Ныне мне уже хорошо известно, что всё, происходящее по воле Божией, когда в дело вмешивается Божия сила, происходит неотвратимо, но совершенно незаметно, как бы
“само собой”,как бы “случайно”… Мне “случайно’’ захотелось познакомится с Библией
(ещё до начала личного кризиса)- и “случайно” оказалось у меня Четвероевангелие,
которое передал мне через кого-то один мой случайный знакомый.
И видел-то я его несколько раз, и от веры он был, кажется, так же далёк, как и я,
и в праздной болтовне,
случайно и вскоре ушел из заведения, в разных концах которого мы работали…
Больше его не видел. Помню его, и буду помнить.
Итак у меня “случайно” появилось Евангелие, отчётливо помню это пожелтевшее
Дореволюционное издание Четвероевангелия в плотном картонном переплёте,
на верхней крышке которого отпечатался глубокий след от обода днища
тяжелого ведра (впоследствии, когда у меня появился полный Новый Завет, я подарил
это Четвероевангелие человеку, который потянулся к Богу).
Было это, если мне не изменяет память, осенью 71-го года (может быть зимой 71-72 гг.)
Несколько раз порывался читать- и бросал: чуждо, непонятно, неинтересно…
А потом опять “что-то” заставляло меня тянуться к этой книге!
Однажды начал читать Евангелие от Матфея- и каким-то внутренним зрением увидел
то, что читаю (вторая глава). Увидел в цвете; тона приглушённые, зимние, “брейгелевские” (и, кажется, услышал; но в этом не уверен). По-моему, в это
мгновение и началась моя вера.
С тех пор долго ещё я называл (про себя) Евангелие от Матфея “цветным”,
от Марка- “сухим”(долго недолюбливал его, лишь впоследствии оценил и полюбил),
от Луки- “добрым”, а от Иоанна- “солнечным”,”сияющим”,”раскалённым”.
Знакомясь с Евангелиями от Марка и от Луки, не видел внутренним зрением ничего;
А когда читал Евангелие от Иоанна (место не помню) “видел” странную картину :
чистое- чистое, темно-голубое небо, напоённое лучами невидимого солнца
(оно лишь ощущалось где-то сзади); справа- высокое темно-зелёное дерево
остроконечной, пирамидальной формы (может быть, деревьев было несколько,
не помню); слева, на переднем плане- белоснежный правый угол (кажется с фризом)

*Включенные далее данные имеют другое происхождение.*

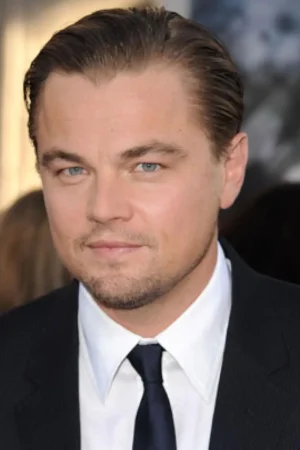 Leonardo DiCaprio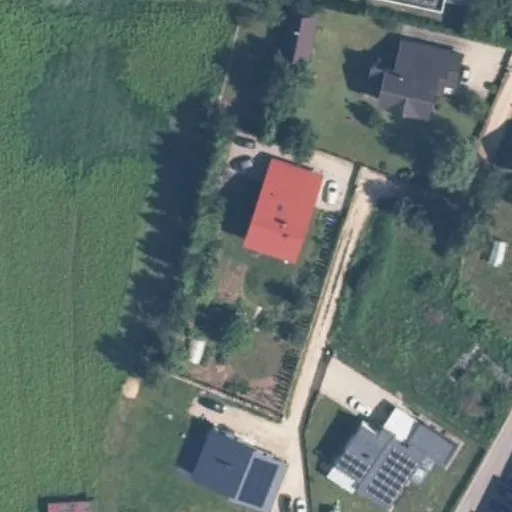 Vaizdas iš viršaus: Tarandės g. 28D, Vilnius
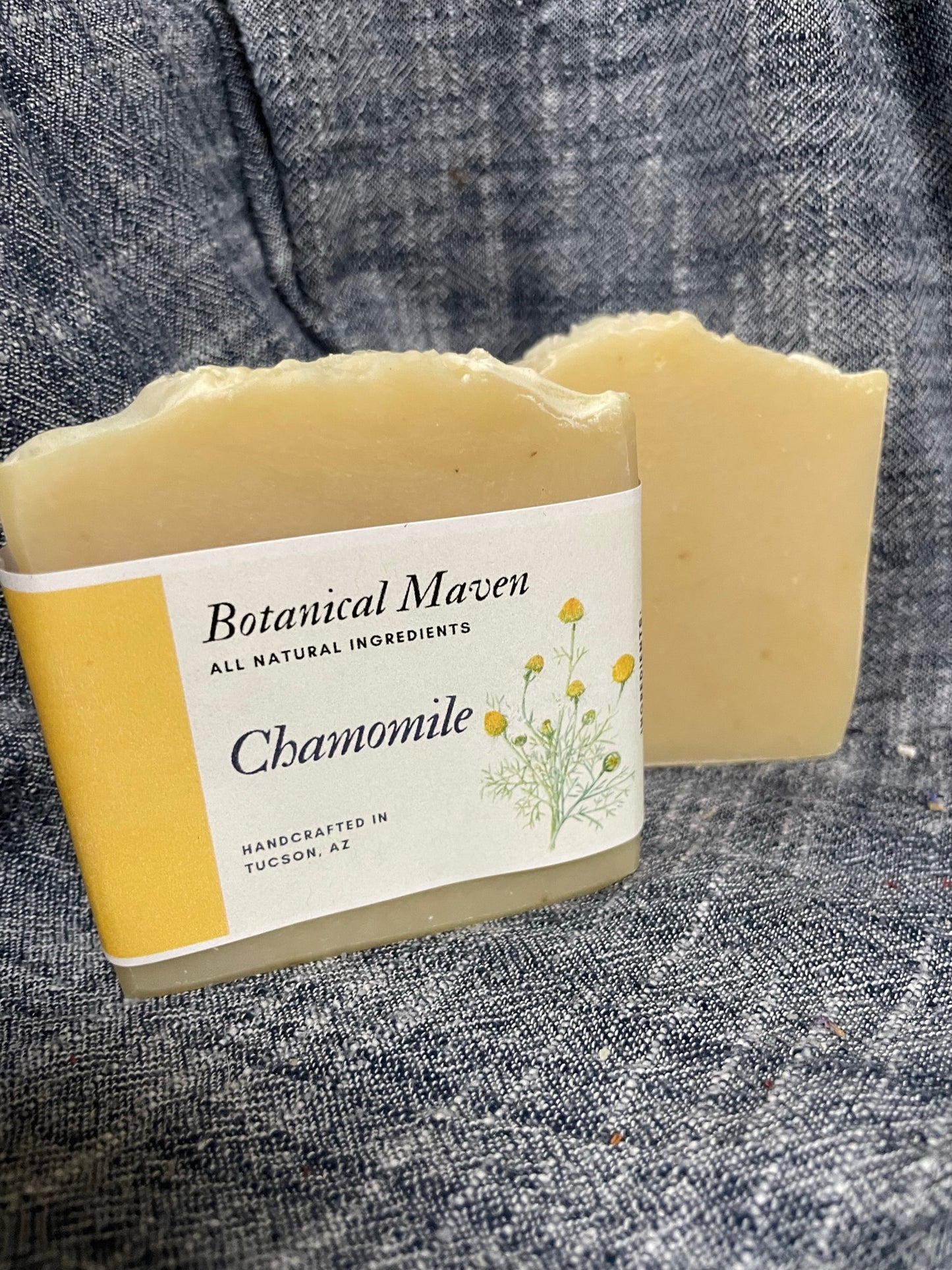 Chamomile Soap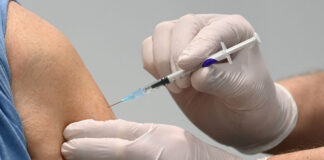 NEWS! churches and markets turned into Covid vaccination centers.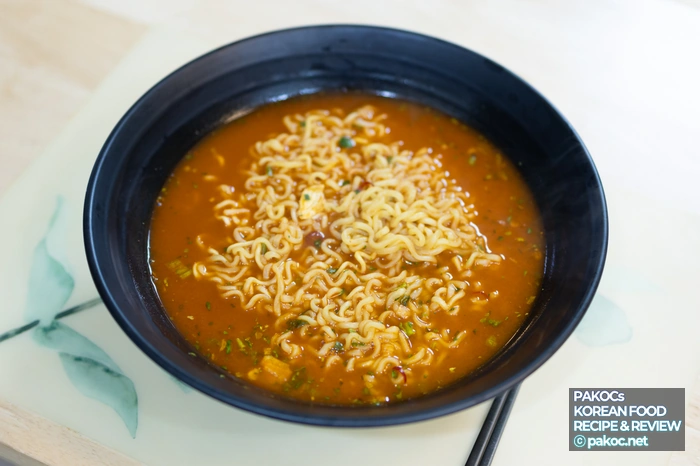 Ramen Packaging Design Introduction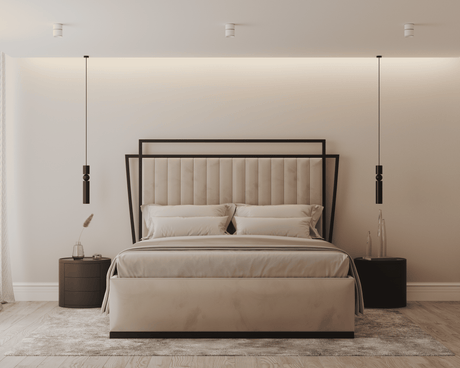 Balmoral Metal Bed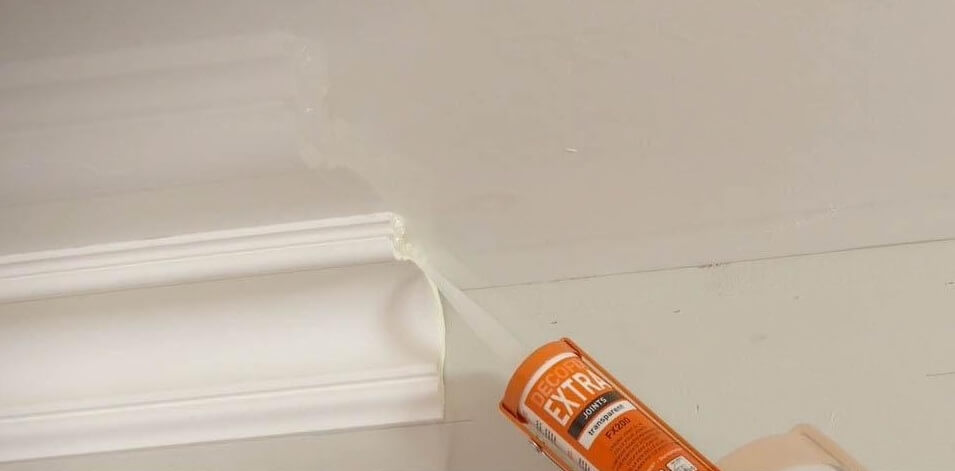 Cách khắc phục 3 lỗi nối phào chỉ hiệu quả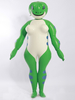 Faschingskostüm Latex Bodysuit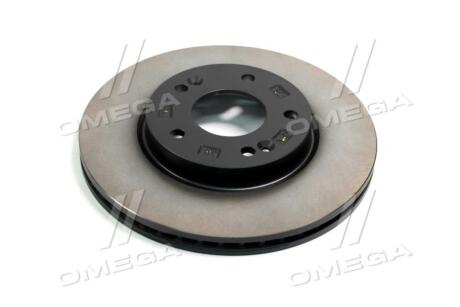 Диск гальмівний передній Hyundai Elantra 11 (Mobis) Hyundai/Kia/Mobis 51712-3X000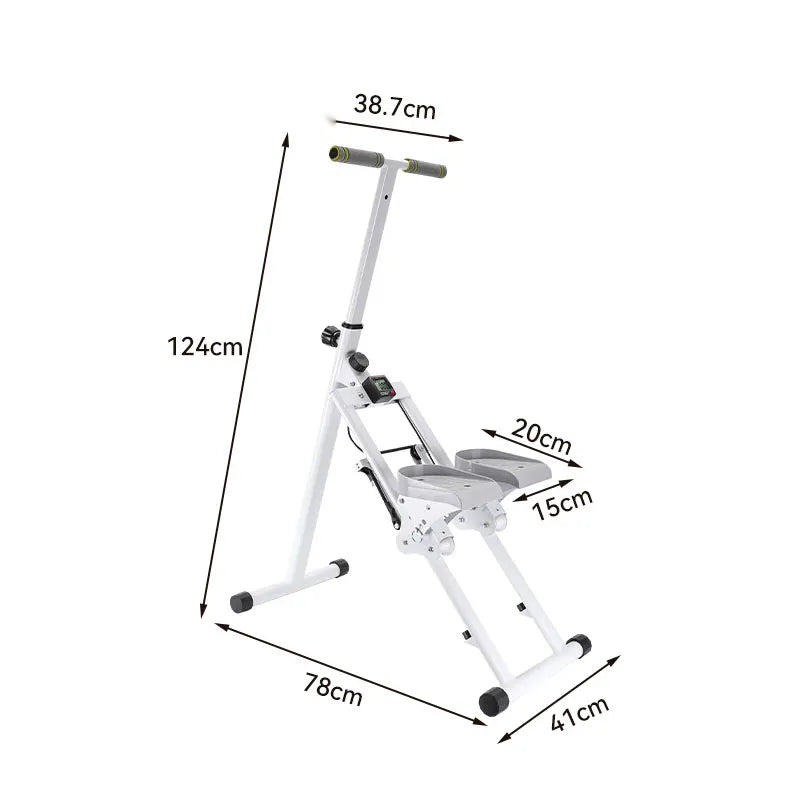 Climbing Stepper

какого-то здания с колоннами. Белый мрамор ослепительно сверкает под лучами
невидимого солнца, и темно голубое небо напоено светом и свежестью
и темно-зеленые деревья…
Долго ещё жила в памяти эта картина!
Вера моя началась- а образ жизни почти не изменился.
Я не скрывал своей веры; наоборот, объявлял о ней при каждом удобном
случае (и при неудобном- тоже), хотя та среда в которой я “вращался” и работал,
не только была вполне атеистической, но предполагала непременное исповедание
“самого передового в мире мировоззрения”.